**Input for this task**:
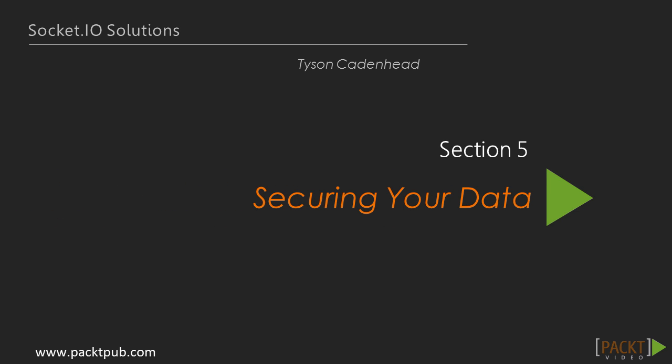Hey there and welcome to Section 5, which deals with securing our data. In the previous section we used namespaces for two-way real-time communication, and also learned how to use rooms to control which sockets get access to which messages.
--
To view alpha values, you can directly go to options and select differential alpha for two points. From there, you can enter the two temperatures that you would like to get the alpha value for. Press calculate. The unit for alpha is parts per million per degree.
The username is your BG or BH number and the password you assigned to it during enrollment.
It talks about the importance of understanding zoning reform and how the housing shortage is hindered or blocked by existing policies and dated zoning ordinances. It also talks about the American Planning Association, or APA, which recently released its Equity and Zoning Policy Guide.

**Exercise aim**:
Looking back over the data above, restate word for word the lines that begin at the line with "The username is" and end at the line with "It talks about", inclusive.

**Result below**:
The username is your BG or BH number and the password you assigned to it during enrollment.
It talks about the importance of understanding zoning reform and how the housing shortage is hindered or blocked by existing policies and dated zoning ordinances. It also talks about the American Planning Association, or APA, which recently released its Equity and Zoning Policy Guide.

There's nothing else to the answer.